Up to now TiVo has been tolerant of hardware hacks. The company has strongly suggested that its patience would run out if hackers began exporting video out of the box. This is now happening. Stay tuned....
posted by luser at 4:26 PM on June 7, 2001


They sold a box. How do they have any right to control how it's used? — Steven Den Beste

They sell the box only as a front-end to their service; they claim a right to specify how their service will be used. The service provides local TV listings to the box. TiVo has actually been pretty laid-back till now about people hacking the boxes themselves.

Eventually, all the PVR pieces will come together in standard, open-source, or pirated forms — the TV card, the scheduling DB, the cable/DSS-box IR blaster, the remote control IR receiver, &c. — and then I guess the broadcast industry will be where the recording industry is now — looking for some way to get the TV manufacturers to adopt some end-to-end encryption protocol.
posted by nicwolff at 4:29 PM on June 7, 2001


Which is to say, uh, just what luser just said.
posted by nicwolff at 4:29 PM on June 7, 2001


eh... i'm with pinwiz... i get all my anime DIVX'ed (whole seasons, if need be.) for free already... and i don't even like tv that much anyway.
posted by lotsofno at 4:35 PM on June 7, 2001


Having hacked my own TiVo to add ethernet a couple of weeks ago, I gotta say that I am worried about the implications of this video encoding crack. I did my hack so I could get rid of my analog phone line (got the DSL and mobile phone, so...) and save some money. It would suck if they started to do things -- like blocking non-dialup access to their servers -- to cripple modified machines.
posted by nstop at 5:10 PM on June 7, 2001


As a clarification point, TiVo as a company sells no hardware. The reference hardware was created by TiVo, but Sony, Hughes, RCA, and Philips manufacture and warranty the boxes.
posted by hijinx at 5:19 PM on June 7, 2001


By way of clarification:

The moronic "buy it and rent it *anyway* movie disc format" was "DivX".

The stolen Microsoft MPEG4 compression format is...

"DivX ;-)"

The Winkie is *part* of the formal name.
posted by baylink at 6:38 PM on June 7, 2001


...the broadcast industry will be where the recording industry is now — looking for some way to get the TV manufacturers to adopt some end-to-end encryption protocol.

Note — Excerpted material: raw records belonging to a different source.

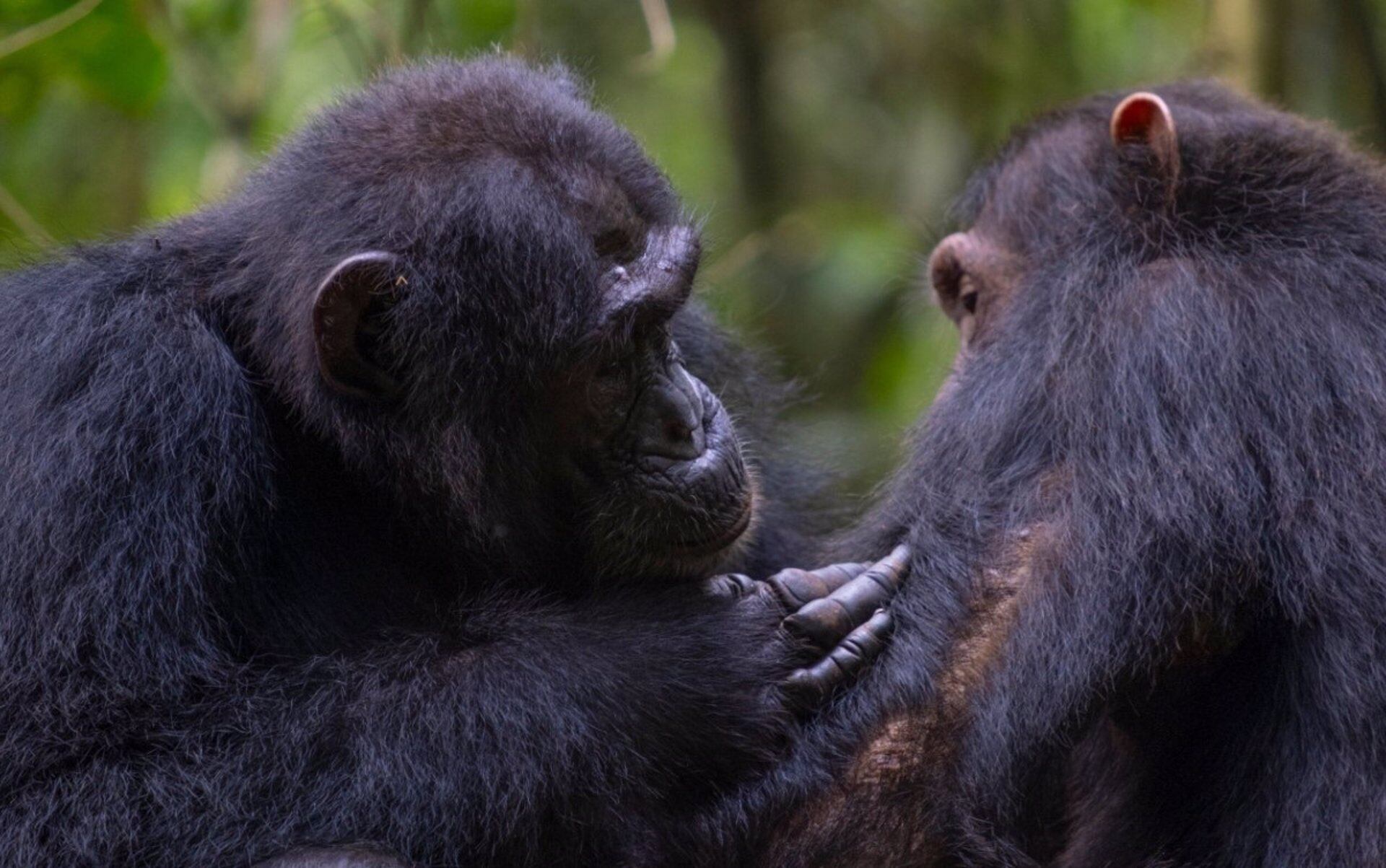 La investigación revela que solo los sonidos de chimpancés activan áreas cerebrales asociadas al reconocimiento de la voz humana - (Europa Press)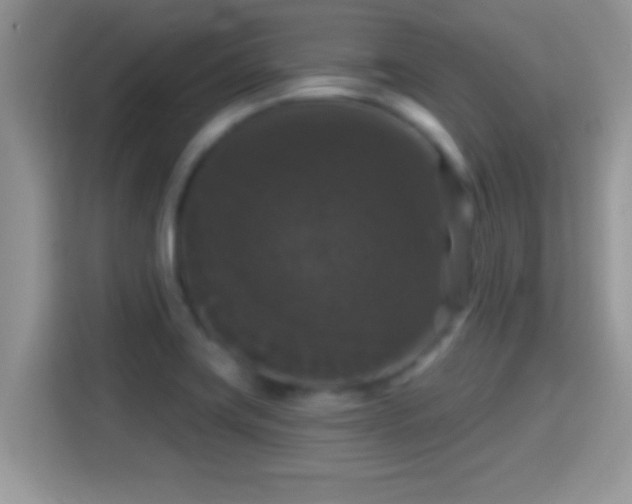 X0000116011419200911251111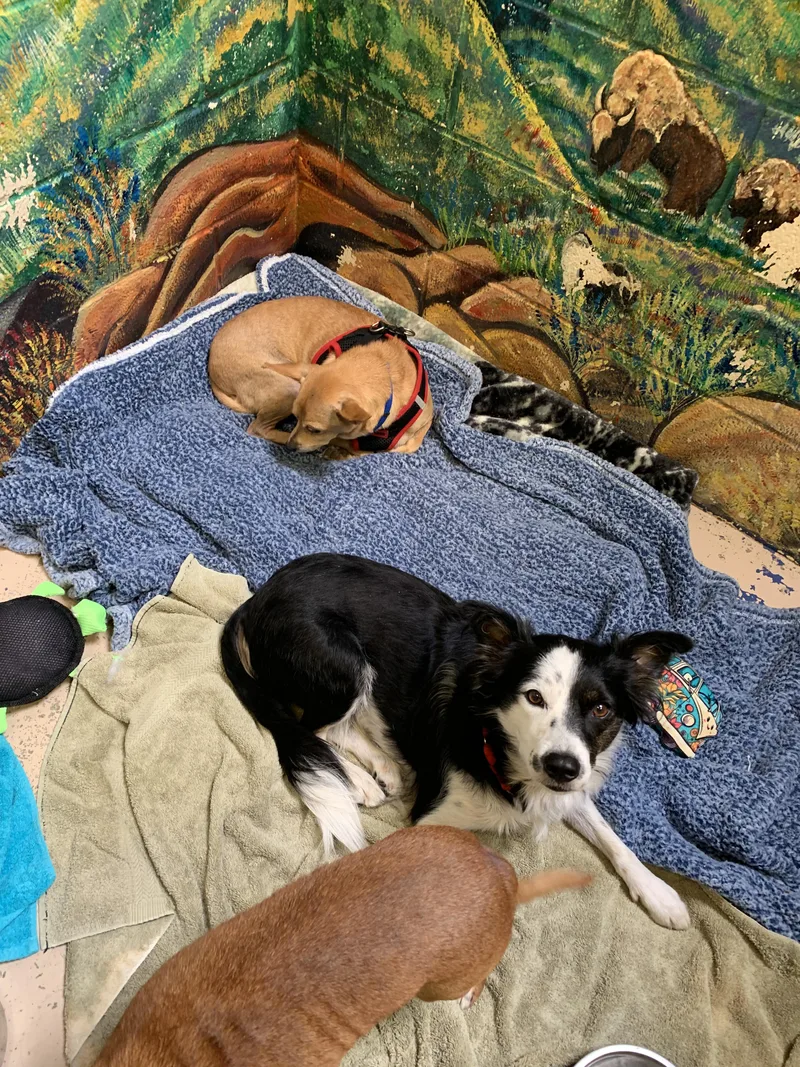 An adult medium-sized female Black Border Collie dog named Callie for adoption in Grass Valley, CA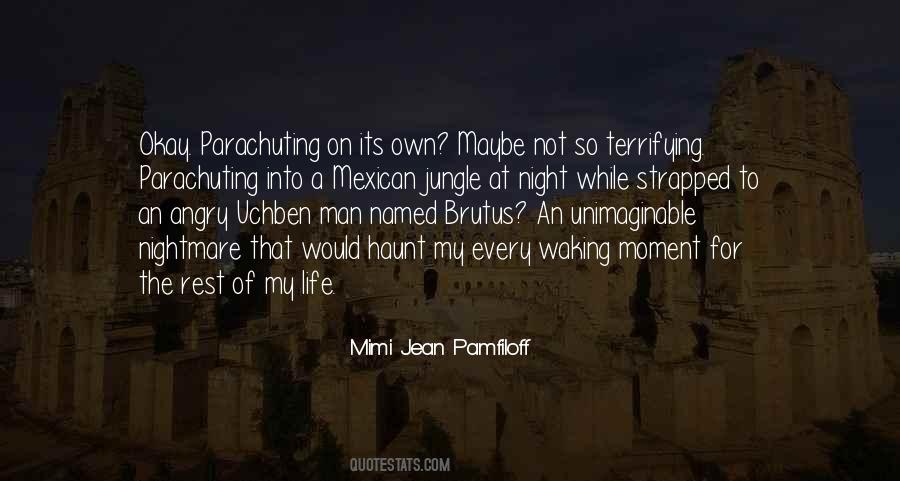 Mimi Jean Pamfiloff Quotes #751021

I think they've already done that – IEEE 1394 (FireWire). The next step is for them to get rid of analog outs on home electronics, which will make any sort of copying extremely difficult.
posted by D at 7:00 PM on June 7, 2001


The topic is basically gone from the AVS Forum. It's kind of interesting to watch, as lots of hackers are either crying foul or just yelling, "Censorship! Censorship!" out loud. Of course, there are now other places to discuss it.

Also, wasn't the compression system - which is really a huge part of the TiVo Service - recently patented? What happens when you reverse engineer a patented thing?
posted by hijinx at 8:28 PM on June 7, 2001


Generally, you get cease and desisted, then sued.
posted by Vetinari at 10:36 PM on June 7, 2001


Cathing up:

Couldn't you theoretically save your Tivo files as MPEG 2 and then compress them with a DivX tool like Flask?

Yeah, you could do that. But I'd assume that you can do the same with a TV card in MPEG 1. Of course, I've yet to try it. Has anyone else?

The Winkie is *part* of the formal name.

Yes, for v3.11. v4, which does not work with v3 drivers and vice-versa (although you can have both installed), is simply called "DivX'.